AVAILABLE DATA:
......

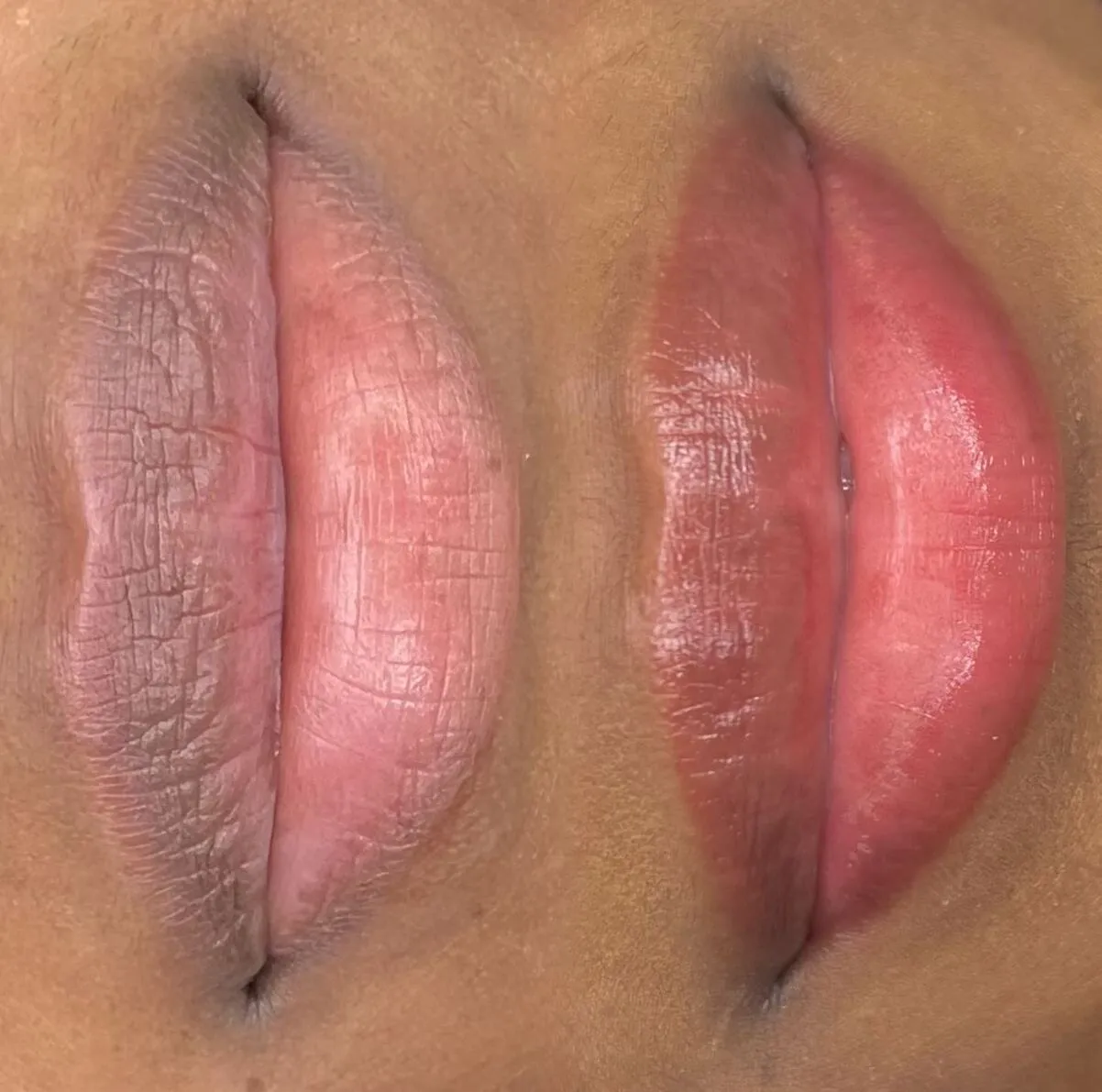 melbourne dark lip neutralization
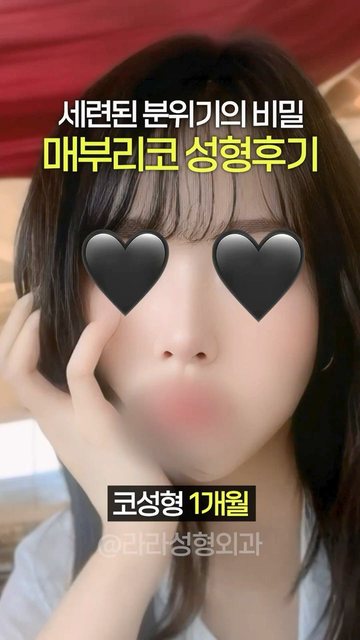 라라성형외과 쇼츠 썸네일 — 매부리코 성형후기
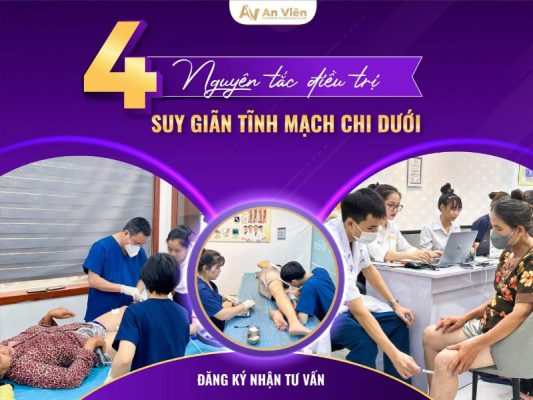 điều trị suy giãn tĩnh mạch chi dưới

......

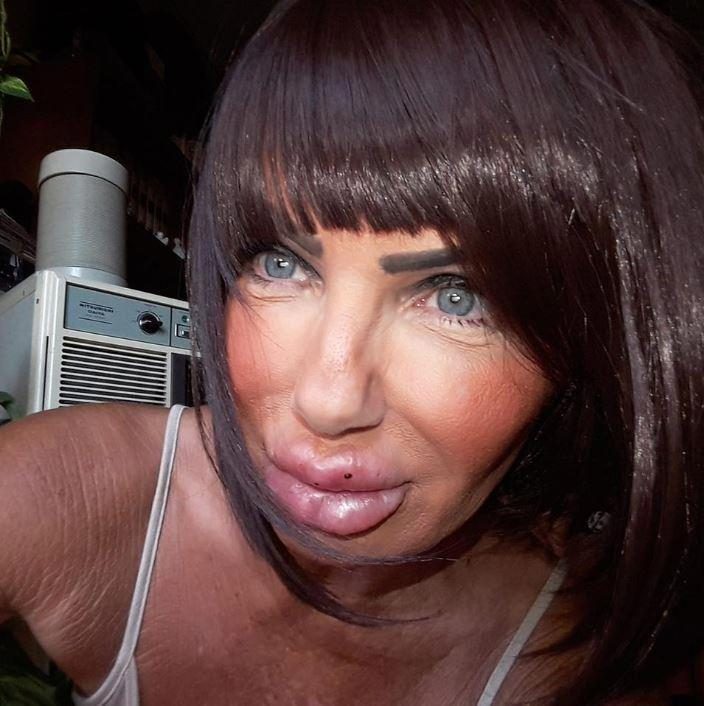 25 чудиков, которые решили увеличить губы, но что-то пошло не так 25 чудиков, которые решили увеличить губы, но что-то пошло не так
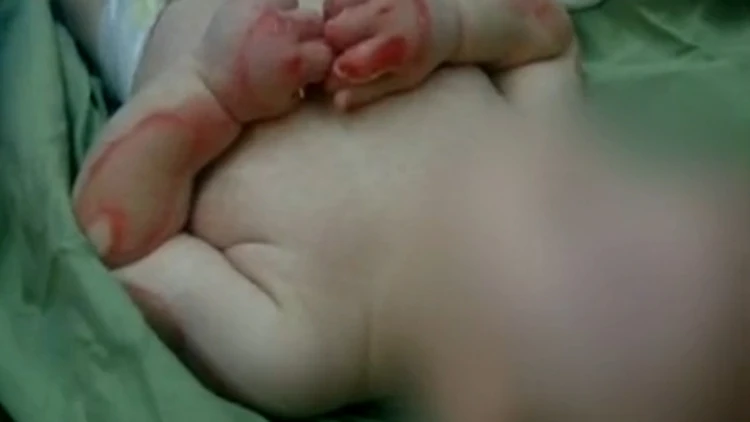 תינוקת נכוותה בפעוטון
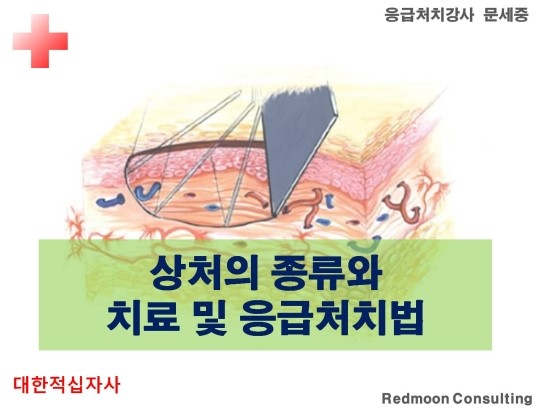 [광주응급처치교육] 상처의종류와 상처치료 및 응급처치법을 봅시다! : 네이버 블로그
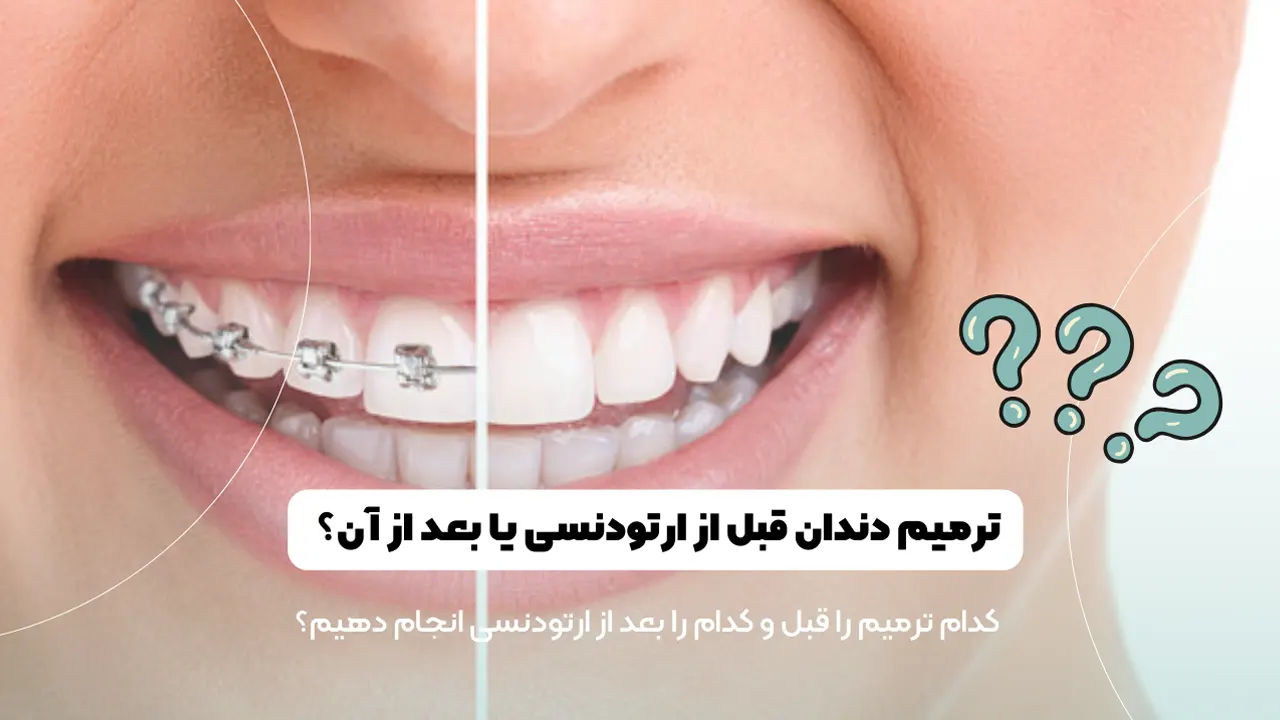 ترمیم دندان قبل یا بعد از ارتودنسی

......

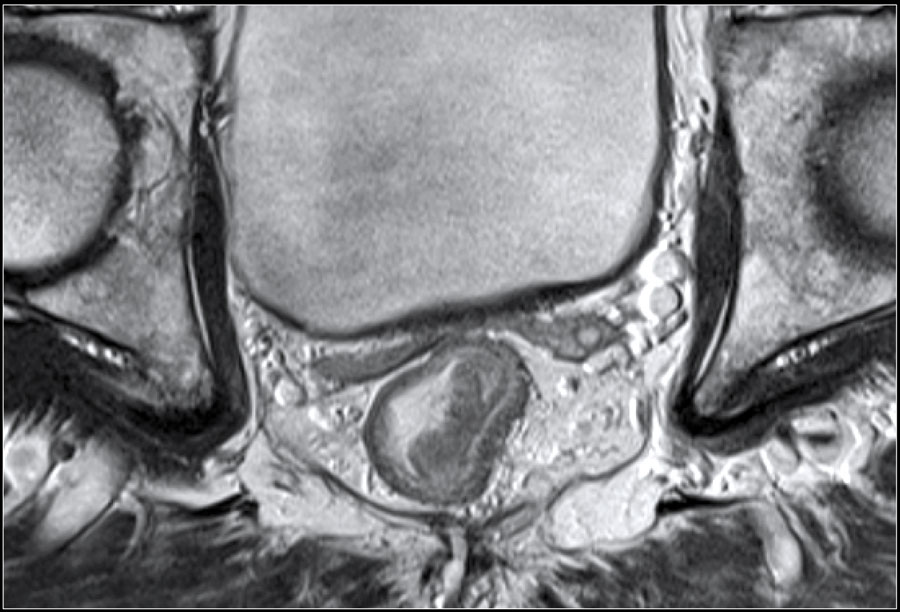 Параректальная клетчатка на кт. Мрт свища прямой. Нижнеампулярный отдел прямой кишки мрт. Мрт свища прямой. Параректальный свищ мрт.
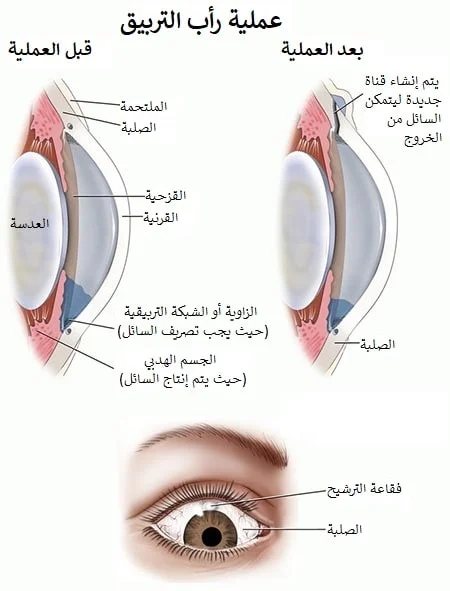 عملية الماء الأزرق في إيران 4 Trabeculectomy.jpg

......

TO DO: Output should consist of the lines above from the one with "пошло не так 25" down to the one with "ترمیم دندان قبل یا بعد از ارتودنسی", exact and without pictures.

ANSWER BOX:
 25 чудиков, которые решили увеличить губы, но что-то пошло не так 25 чудиков, которые решили увеличить губы, но что-то пошло не так
 תינוקת נכוותה בפעוטון
 [광주응급처치교육] 상처의종류와 상처치료 및 응급처치법을 봅시다! : 네이버 블로그
 ترمیم دندان قبل یا بعد از ارتودنسی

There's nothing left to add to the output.